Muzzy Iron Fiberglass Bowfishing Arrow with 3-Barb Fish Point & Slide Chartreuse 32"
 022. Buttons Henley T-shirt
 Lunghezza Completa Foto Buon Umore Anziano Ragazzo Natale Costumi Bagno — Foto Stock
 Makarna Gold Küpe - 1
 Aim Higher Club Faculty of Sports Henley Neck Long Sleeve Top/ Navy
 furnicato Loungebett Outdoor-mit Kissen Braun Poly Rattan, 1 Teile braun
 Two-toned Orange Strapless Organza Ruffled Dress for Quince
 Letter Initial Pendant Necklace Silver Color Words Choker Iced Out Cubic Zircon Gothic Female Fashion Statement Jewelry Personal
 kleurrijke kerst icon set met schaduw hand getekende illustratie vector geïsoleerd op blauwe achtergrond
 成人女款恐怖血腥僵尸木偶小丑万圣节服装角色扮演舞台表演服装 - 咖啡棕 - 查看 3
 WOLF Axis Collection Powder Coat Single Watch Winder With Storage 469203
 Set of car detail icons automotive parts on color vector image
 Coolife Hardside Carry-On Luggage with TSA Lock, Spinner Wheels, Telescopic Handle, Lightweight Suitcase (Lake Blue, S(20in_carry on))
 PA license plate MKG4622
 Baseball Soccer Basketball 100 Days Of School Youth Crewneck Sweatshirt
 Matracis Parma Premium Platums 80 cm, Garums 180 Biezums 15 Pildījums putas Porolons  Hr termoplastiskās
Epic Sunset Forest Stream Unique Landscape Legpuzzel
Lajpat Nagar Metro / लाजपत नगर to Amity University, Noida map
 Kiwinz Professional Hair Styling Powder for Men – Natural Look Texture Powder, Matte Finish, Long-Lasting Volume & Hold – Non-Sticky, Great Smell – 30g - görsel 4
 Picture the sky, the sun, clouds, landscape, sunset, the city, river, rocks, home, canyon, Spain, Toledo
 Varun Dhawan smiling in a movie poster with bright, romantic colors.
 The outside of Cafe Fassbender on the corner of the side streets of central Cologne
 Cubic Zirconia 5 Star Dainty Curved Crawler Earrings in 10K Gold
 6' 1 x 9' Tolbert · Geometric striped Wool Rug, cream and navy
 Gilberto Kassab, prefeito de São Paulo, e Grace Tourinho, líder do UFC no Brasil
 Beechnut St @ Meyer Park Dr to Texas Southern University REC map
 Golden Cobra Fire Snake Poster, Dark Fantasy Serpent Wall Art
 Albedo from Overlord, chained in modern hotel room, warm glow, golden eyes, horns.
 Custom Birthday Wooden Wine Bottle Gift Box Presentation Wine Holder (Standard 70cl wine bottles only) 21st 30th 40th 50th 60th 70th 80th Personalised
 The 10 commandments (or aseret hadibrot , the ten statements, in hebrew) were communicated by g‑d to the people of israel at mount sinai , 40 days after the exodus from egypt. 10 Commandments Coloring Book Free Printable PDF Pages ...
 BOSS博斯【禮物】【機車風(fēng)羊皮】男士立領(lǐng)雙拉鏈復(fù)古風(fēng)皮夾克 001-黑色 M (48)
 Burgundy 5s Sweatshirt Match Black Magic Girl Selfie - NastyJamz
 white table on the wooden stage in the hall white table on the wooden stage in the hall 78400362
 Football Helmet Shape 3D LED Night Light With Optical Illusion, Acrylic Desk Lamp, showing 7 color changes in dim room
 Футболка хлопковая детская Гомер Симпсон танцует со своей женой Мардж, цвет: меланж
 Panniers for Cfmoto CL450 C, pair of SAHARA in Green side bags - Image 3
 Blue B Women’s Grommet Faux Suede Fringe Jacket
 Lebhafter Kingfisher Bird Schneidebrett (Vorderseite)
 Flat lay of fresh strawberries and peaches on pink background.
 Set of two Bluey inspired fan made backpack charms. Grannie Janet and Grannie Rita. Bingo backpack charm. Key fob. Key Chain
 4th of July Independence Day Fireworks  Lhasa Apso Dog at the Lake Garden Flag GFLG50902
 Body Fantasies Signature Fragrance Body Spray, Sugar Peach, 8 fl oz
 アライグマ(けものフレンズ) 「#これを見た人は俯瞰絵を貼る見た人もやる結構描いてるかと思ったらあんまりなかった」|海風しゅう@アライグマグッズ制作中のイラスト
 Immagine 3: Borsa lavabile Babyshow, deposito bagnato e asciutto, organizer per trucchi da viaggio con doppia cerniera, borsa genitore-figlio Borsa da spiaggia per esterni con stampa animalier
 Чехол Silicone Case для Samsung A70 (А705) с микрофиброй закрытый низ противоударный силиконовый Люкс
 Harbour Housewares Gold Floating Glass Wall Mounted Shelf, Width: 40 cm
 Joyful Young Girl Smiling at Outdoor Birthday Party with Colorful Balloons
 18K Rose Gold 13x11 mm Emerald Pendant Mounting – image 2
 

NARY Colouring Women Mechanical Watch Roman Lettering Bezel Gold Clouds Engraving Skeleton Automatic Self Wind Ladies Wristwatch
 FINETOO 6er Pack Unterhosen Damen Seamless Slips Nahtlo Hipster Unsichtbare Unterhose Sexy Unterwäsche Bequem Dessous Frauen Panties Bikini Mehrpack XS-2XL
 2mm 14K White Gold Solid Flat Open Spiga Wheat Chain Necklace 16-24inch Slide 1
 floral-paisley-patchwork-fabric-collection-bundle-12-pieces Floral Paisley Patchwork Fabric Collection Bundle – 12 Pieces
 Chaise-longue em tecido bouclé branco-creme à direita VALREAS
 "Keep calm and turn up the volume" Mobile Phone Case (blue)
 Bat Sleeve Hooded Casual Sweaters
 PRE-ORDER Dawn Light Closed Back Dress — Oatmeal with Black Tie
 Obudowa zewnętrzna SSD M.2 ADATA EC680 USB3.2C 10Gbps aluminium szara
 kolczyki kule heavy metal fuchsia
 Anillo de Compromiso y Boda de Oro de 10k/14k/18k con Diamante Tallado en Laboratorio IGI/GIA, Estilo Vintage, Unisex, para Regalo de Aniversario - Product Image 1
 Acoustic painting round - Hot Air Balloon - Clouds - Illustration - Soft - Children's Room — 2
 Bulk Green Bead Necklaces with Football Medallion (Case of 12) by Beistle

══════════════════════════════

Task
From the records above, give again exactly the lines running from the line with "Set of car detail" to the line with "Burgundy 5s Sweatshirt", inclusive.

Expected answer
 Set of car detail icons automotive parts on color vector image
 Coolife Hardside Carry-On Luggage with TSA Lock, Spinner Wheels, Telescopic Handle, Lightweight Suitcase (Lake Blue, S(20in_carry on))
 PA license plate MKG4622
 Baseball Soccer Basketball 100 Days Of School Youth Crewneck Sweatshirt
 Matracis Parma Premium Platums 80 cm, Garums 180 Biezums 15 Pildījums putas Porolons  Hr termoplastiskās
Epic Sunset Forest Stream Unique Landscape Legpuzzel
Lajpat Nagar Metro / लाजपत नगर to Amity University, Noida map
 Kiwinz Professional Hair Styling Powder for Men – Natural Look Texture Powder, Matte Finish, Long-Lasting Volume & Hold – Non-Sticky, Great Smell – 30g - görsel 4
 Picture the sky, the sun, clouds, landscape, sunset, the city, river, rocks, home, canyon, Spain, Toledo
 Varun Dhawan smiling in a movie poster with bright, romantic colors.
 The outside of Cafe Fassbender on the corner of the side streets of central Cologne
 Cubic Zirconia 5 Star Dainty Curved Crawler Earrings in 10K Gold
 6' 1 x 9' Tolbert · Geometric striped Wool Rug, cream and navy
 Gilberto Kassab, prefeito de São Paulo, e Grace Tourinho, líder do UFC no Brasil
 Beechnut St @ Meyer Park Dr to Texas Southern University REC map
 Golden Cobra Fire Snake Poster, Dark Fantasy Serpent Wall Art
 Albedo from Overlord, chained in modern hotel room, warm glow, golden eyes, horns.
 Custom Birthday Wooden Wine Bottle Gift Box Presentation Wine Holder (Standard 70cl wine bottles only) 21st 30th 40th 50th 60th 70th 80th Personalised
 The 10 commandments (or aseret hadibrot , the ten statements, in hebrew) were communicated by g‑d to the people of israel at mount sinai , 40 days after the exodus from egypt. 10 Commandments Coloring Book Free Printable PDF Pages ...
 BOSS博斯【禮物】【機車風(fēng)羊皮】男士立領(lǐng)雙拉鏈復(fù)古風(fēng)皮夾克 001-黑色 M (48)
 Burgundy 5s Sweatshirt Match Black Magic Girl Selfie - NastyJamz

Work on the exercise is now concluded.